After your windows are aligned, start looking at Minimal Wall’s wallpapers. I have no doubt that you’ll find them very easy on the eyes. I chose some of the Mindful Words backgrounds; nice reminders to move on to my next action, and keep focused. I even created one of my own in Photoshop — my little girl’s name –using their work as a base. It reminds me why I am sitting at the computer in the first place, and why I need to get off it again as soon as I can.

Lifehacker has a great post featuring a Minimal Wall based desktop, combined with Rainmeter, Launchy, and Rocketdock with some nice icons. Personally, I find Rainmeter to be annoying to set up and modify, so I won’t put you all through that. I did use some of the other ideas, however, such as installing Launchy (which I find I rarely use) and Rocketdock. Rocketdock, especially with the nice iconset, provides an easy to look at quick-launch that fits the theme. I won’t go to far into customizing Rocketdock here, but if you try it out and have trouble getting it to do what you want, hit me up in the comments and I’ll do my best to help you out.

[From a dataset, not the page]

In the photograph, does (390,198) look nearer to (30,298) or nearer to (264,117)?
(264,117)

So here’s the process so far:

  • I gathered all of my clutter into Fences — then I double-clicked the desktop to make the Fences hide themselves. Another double-click brings them back when you need them.
  • I used the Grid Wallpaper to line up and size my windows (and the Fences as well).
  • I selected the four wallpapers I wanted to use and put them in a folder to create a desktop slideshow (go to Control Panel, choose “Change desktop background” under Appearance and Personalization, then browse to the folder and select the images, configuring how they should change — I shuffle them every hour).
  • I installed and configured RocketDock with the new icons (add the folder of new icons into the Icons folder in Program Files (x86), then right-click on the dock and choose Icon Settings, then the icon set).

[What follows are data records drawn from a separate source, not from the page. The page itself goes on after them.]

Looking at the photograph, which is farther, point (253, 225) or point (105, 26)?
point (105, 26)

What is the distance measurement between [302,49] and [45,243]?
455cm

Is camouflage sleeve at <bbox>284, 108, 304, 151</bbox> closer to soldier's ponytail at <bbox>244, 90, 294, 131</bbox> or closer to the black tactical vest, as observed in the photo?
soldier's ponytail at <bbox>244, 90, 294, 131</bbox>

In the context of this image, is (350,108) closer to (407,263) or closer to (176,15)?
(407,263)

I also moved my Windows taskbar to the top of the screen and set it to auto-hide. I had originally used a tool called Taskbar Eliminator to make the taskbar vanish altogether, but I found that it was unreliable, and discovered that — since I was now rarely working in full screen — having the taskbar hidden at the top was actually quite useful for quick access to its functions.

Finally, I right clicked on the desktop and went to Personalize and saved my wallpapers as a custom theme. Doing this makes it so you can reclaim your desktop slideshow with a click, should you change it to something else and find you want it back again. To round everything out, I changed my logon screen to match the theme. Here’s how you do that:

Here’s a Few Shots of the End Result


Since adopting this new look and feel for my desktop and workflow, I’ve found that I’m more focused, productive, and generally more relaxed while I work. The basic setup took me less than a half-hour to implement, and it’s paid that time back in spades. Hell, I was so inspired that I added a customized version of the wallpapers to my iPad, too, and then hunted down and killed my next big PC distraction: keeping Gmail open in my browser while I work. If you want a little more peace and productivity while you’re sitting in front of the multi-task machine, give this a try — I sincerely hope it helps you as much as it has me!

Let me know your thoughts in the comments!

Bobby Travis

Bobby isn't 40-something, but is a strong supporter of the Grown-up Geek kind. He's a loving husband and father first, but is also a freelance writer, productivity nut, operatically trained singer, and (not-so) closet geek. Check out his random thoughts, wackiness, and Instagram pics on Tumblr, Twitter, or Google+-- or just head over to


  1. Hi Bobby, what size of monitor do you use tho? I would have reservations about this on smaller screens no?

    • Hi Dave,

      I use a 15-inch laptop with 1280X800 resolution. The principle is still sound for smaller screens and lower resolutions, too, though it may take a bit of resizing of the wallpapers. If you are running a netbook, however, where screen space is at a premium, you may or may not want to apply this method.

  2. Bobby,

    Good article. I personally never keep anything on my desktop (because I’ve always thought it was a poor means of organization). In fact, I seldom see my desktop, so I don’t give it much thought and since there’s nothing on it, I don’t have to invest any time to organize or tweak it.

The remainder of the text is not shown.